* _Provided records_:
-- Opening Marker --

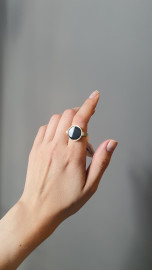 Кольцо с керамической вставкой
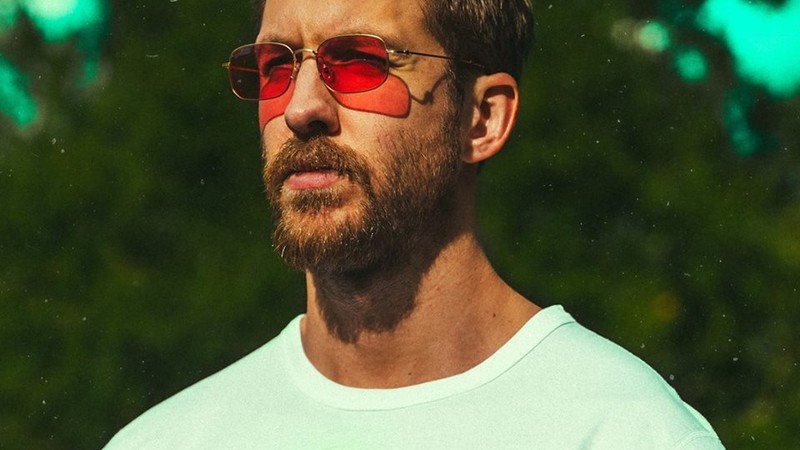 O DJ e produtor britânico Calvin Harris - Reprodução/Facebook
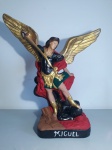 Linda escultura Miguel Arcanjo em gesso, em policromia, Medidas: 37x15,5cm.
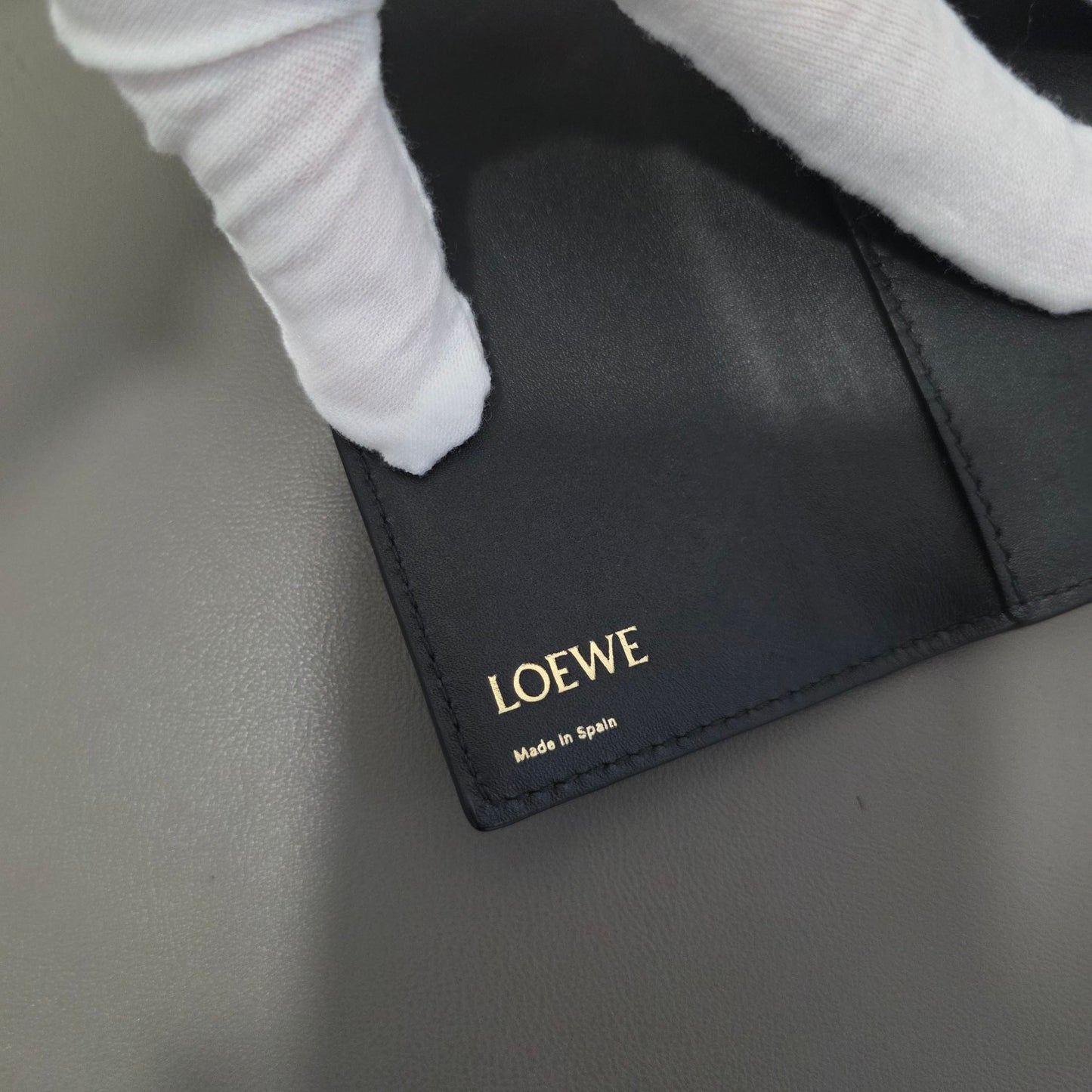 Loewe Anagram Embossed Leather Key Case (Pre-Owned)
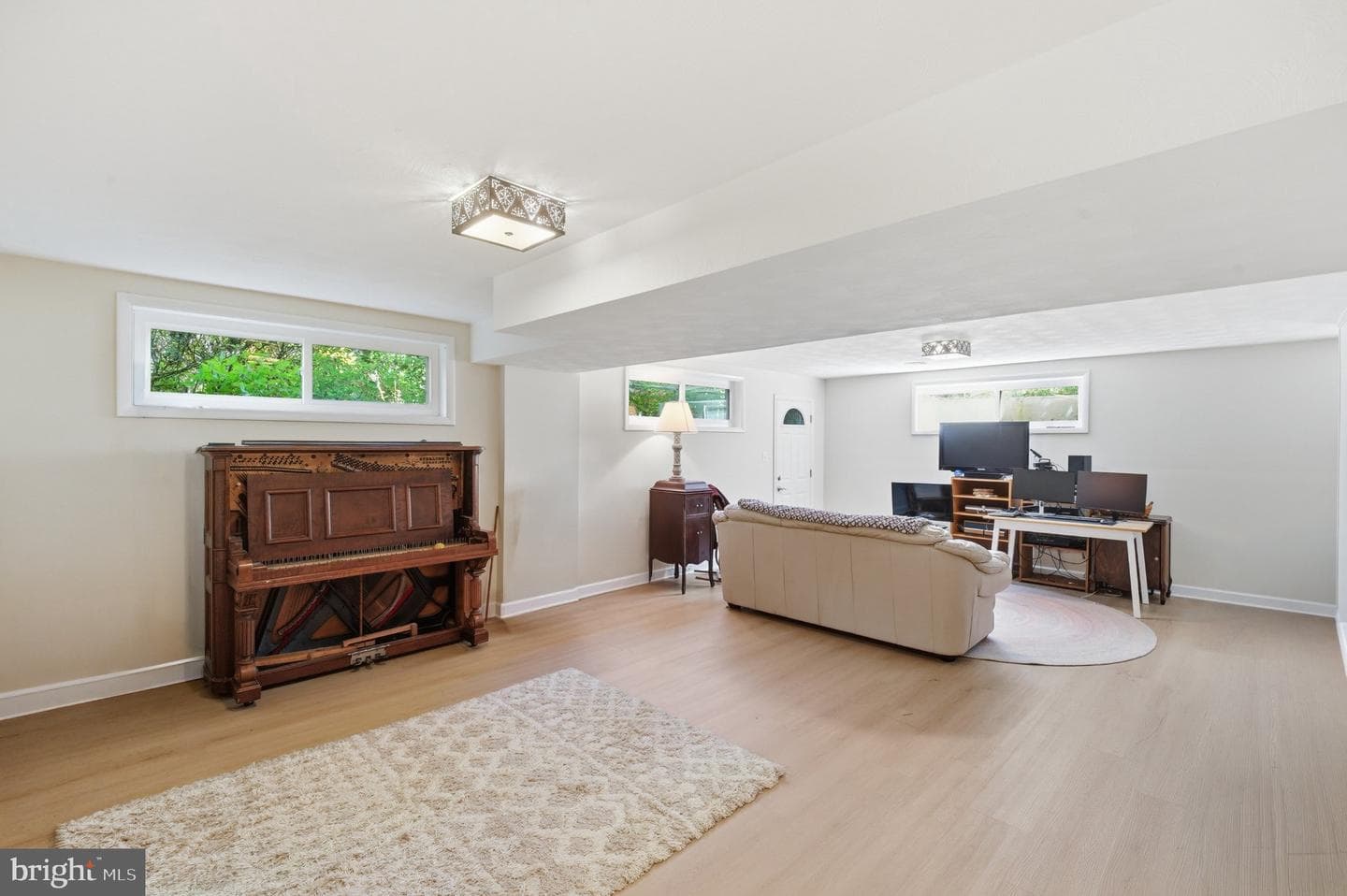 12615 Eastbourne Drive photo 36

-- Closing Marker --
-- Opening Marker --

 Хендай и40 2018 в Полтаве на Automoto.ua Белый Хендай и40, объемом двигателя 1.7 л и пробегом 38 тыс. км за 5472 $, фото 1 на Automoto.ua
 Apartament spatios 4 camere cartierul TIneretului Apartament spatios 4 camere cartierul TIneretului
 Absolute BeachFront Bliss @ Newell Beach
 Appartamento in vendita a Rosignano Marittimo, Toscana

-- Closing Marker --
-- Opening Marker --

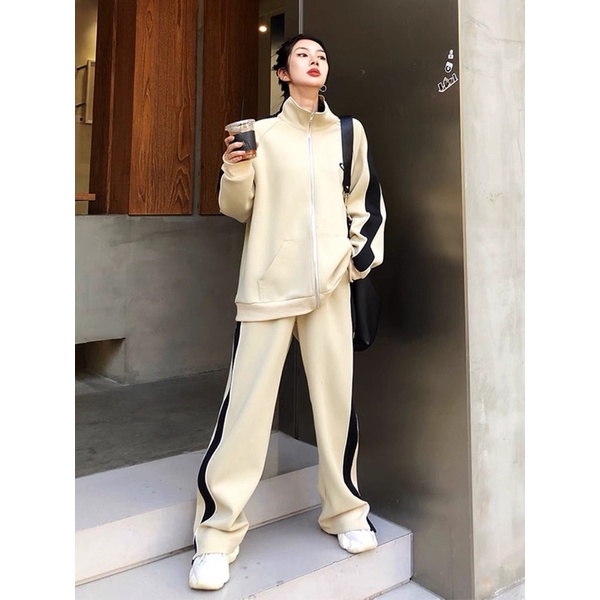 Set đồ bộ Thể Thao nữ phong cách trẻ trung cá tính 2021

-- Closing Marker --

* _Task details_:
Could you output exactly the lines above, from the line with "Кольцо с керамической вставкой" up to and including the line with "12615 Eastbourne Drive photo 36", and nothing else, skipping the pictures?

* _Problem solution_:
 Кольцо с керамической вставкой
 O DJ e produtor britânico Calvin Harris - Reprodução/Facebook
 Linda escultura Miguel Arcanjo em gesso, em policromia, Medidas: 37x15,5cm.
 Loewe Anagram Embossed Leather Key Case (Pre-Owned)
 12615 Eastbourne Drive photo 36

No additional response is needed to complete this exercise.